I must be missing something - I can't see these words in the licenses.

> The latter would not allow anyone to make some profit out of selling
> CD-ROMs with source; the former does.

GPL says: "for a charge no more than your cost of physically
performing source distribution".  This does not seam to allow making
profit.

> To comply with the GPL's source requirement (without offering it along
> with the binaries, or without passing on any offer you already
> received), it suffices to take out a piece of paper, scribble an offer
> on that for source until some date at least three years into the future,
> and sign it (and to make sure you'll be able to actually get that
> source, should anyone ever choose to excercise their rights -- but you
> can deal with that if it is ever necessary). Total time required to
> comply with the GPL: 45 seconds.

If you are speaking for you or me then I agree.  This is the time that
we need.  However for a firm the burden is much more - if someone
requests the sources after 35 months then the firm must be prepared to
extract the sources from its archive, to write them on CD, to pack the
CD and to send the CD by parcel post.  Thats why most firms that sell
GPL-covered software do not take advantage of that option and they
always sell the software together with the sources.
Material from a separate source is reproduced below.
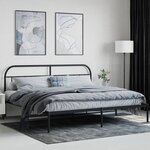 vidaXL Cadre de lit métal sans matelas avec tête de lit noir 200x200cm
> To comply with the GFDL's transparent copy requirement, you must have a
> website large enough to hold the full transparent copy to the document,
> and pay the bills for that webspace for at least a year. Total time
> required to comply: impossible to say. Not everyone is a geek with their
> own webserver; some people have a 20MB quota on their ISP's webserver.
> Having to use 5MB for a transparent copy of a document which they just
> printed out for a friend isn't very interesting. Having to pay some tens
> of euros per month for a whole year for webspace at a commercial hoster
> just so you'll be able to legally distribute a printed copy isn't much
> better.

Acording to GFDL you don't have do anything if you just printed out
the document for your friend.  You have to take some actions only if
you publish or distribute more than 100 printed copies of one
document.

If you realy want to distribute more than 100 printed copies of one
document and it is a burden for you to have some webspace, then you
can offer the sources on CD together with the printed copies.
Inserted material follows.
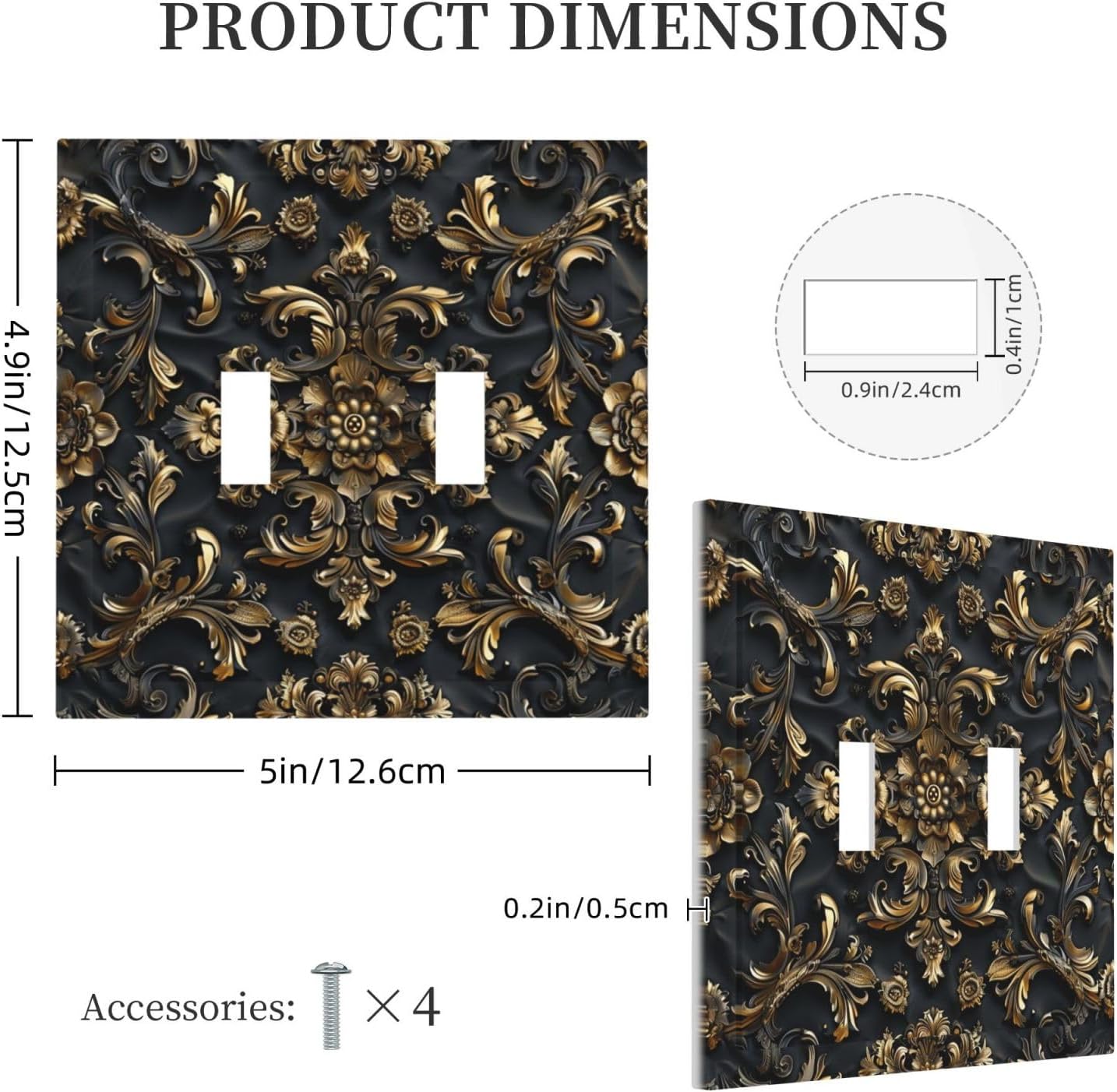 Decorative Switch Covers Plate Rococo Vintage Black Golden Leaf Morris Vine 2 Gang Wall Plate Unique Double Toggle Light Switch Plate Wall Cover Plate Faceplate for Bedroom Home Decor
> > The preposition "along" in the license does not mean "with".
> 
> 'along with'...

OK. Let's check again the dictionary.  Acording to it the "along" from
the license should mean "in company, in addition" (the other meanings
are not applicable).  So this is what the license says: "include a
machine-readable Transparent copy in addition with each Opaque copy".
If you include the transparent copy in the web-server in addition to
the opaque copy, then you are ready with the requirements of GFDL.
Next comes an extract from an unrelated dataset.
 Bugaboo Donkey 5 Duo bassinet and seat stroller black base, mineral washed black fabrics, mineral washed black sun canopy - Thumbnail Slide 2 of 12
> > > > You are not in violation of the license.  You can not control the
> > > > reading or further copying if you do not allow the reading or further
> > > > copying to happen.
> > > 
> > > Uh, go find a dictionary somewhere. If you do not allow the reading or
> > > further copying to happen, then you are, effectively, controlling the
> > > reading or further copying of the document.
> > 
> > My dictionary says the meaning of "control" is "to have power to
> > direct or restrain; to regulate".  You can not control something that
> > does not exist.
> > 
> > To "control the reading" means to make you able to read the document
> > today but not tomorow.  To "control the further copying" means to make
> > you unable to give a copy of the document to your friends.
> 
> It also means you try to 'direct or restrain' anyone who tries to make a
> copy of your version. If you use technical measures to make the act of
> making copies impossible, you 'control the further copying'.

It would be possible to interpret the license that way if the text was
"you may not use technical measures to obstruct or control how someone
reads or further copyes...".  If I do not allow you to read some text
written on sheet of paper then I am controlling you, not your reading
(there is no reading to control).  If I show you the text but I hide
it before you completed the reading then I am controlling both you and
your reading.

> If you chmod -r a file, you are use technical measures to make the act
> of making copies impossible.

So there exists no act I can control.